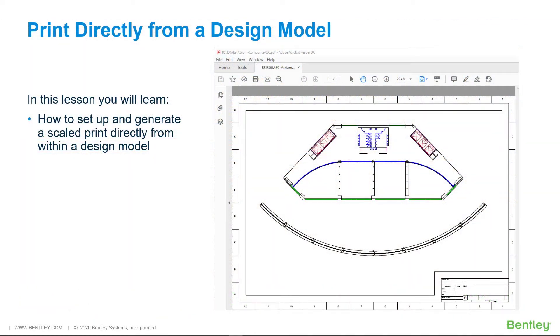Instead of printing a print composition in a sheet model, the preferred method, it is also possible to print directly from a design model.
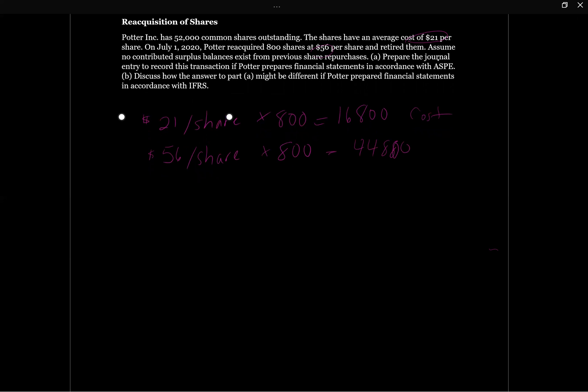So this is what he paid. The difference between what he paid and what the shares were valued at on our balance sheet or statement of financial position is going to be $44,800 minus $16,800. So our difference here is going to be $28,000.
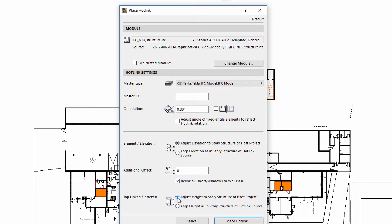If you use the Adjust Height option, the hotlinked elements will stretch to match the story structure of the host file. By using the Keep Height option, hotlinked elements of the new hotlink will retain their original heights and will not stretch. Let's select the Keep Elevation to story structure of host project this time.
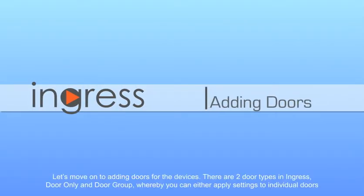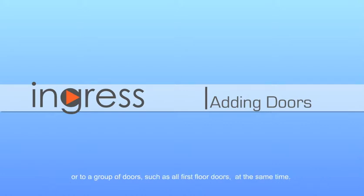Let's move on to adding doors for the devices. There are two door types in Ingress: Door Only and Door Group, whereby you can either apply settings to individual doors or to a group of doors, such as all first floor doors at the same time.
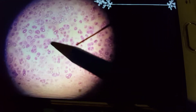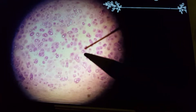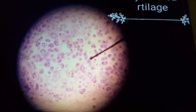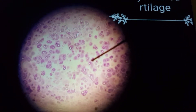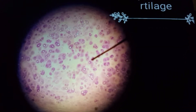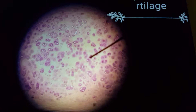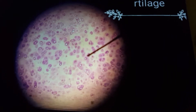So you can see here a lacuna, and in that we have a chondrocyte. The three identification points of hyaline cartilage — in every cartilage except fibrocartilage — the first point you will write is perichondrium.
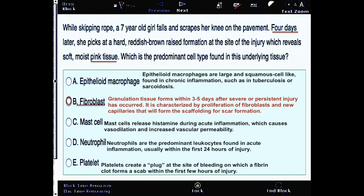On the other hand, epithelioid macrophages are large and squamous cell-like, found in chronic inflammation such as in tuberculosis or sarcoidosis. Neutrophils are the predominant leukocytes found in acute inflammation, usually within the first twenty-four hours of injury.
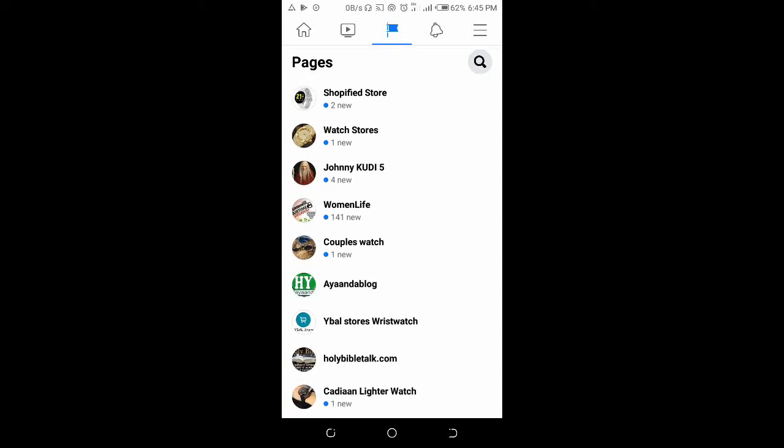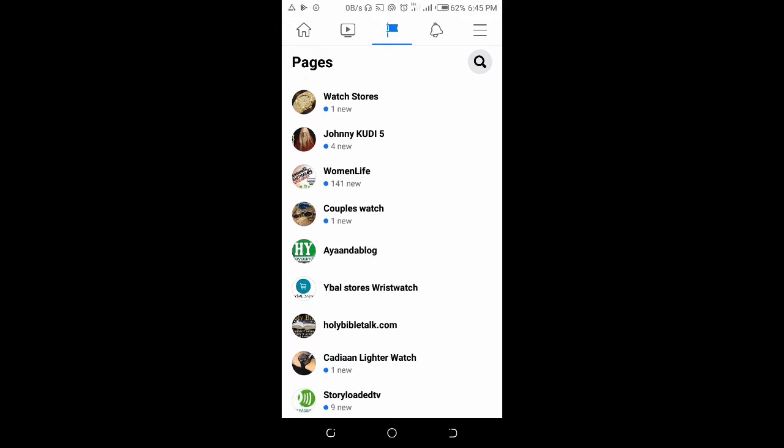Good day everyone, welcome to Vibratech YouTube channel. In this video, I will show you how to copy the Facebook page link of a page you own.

§

Once the line holding "If you use the" is found, set it down along with every line after it through the end of the entries, exactly, leaving the pictures out.

If you use the Adjust Height option, the hotlinked elements will stretch to match the story structure of the host file. By using the Keep Height option, hotlinked elements of the new hotlink will retain their original heights and will not stretch. Let's select the Keep Elevation to story structure of host project this time.
Let's move on to adding doors for the devices. There are two door types in Ingress: Door Only and Door Group, whereby you can either apply settings to individual doors or to a group of doors, such as all first floor doors at the same time.
So you can see here a lacuna, and in that we have a chondrocyte. The three identification points of hyaline cartilage — in every cartilage except fibrocartilage — the first point you will write is perichondrium.
On the other hand, epithelioid macrophages are large and squamous cell-like, found in chronic inflammation such as in tuberculosis or sarcoidosis. Neutrophils are the predominant leukocytes found in acute inflammation, usually within the first twenty-four hours of injury.
Good day everyone, welcome to Vibratech YouTube channel. In this video, I will show you how to copy the Facebook page link of a page you own.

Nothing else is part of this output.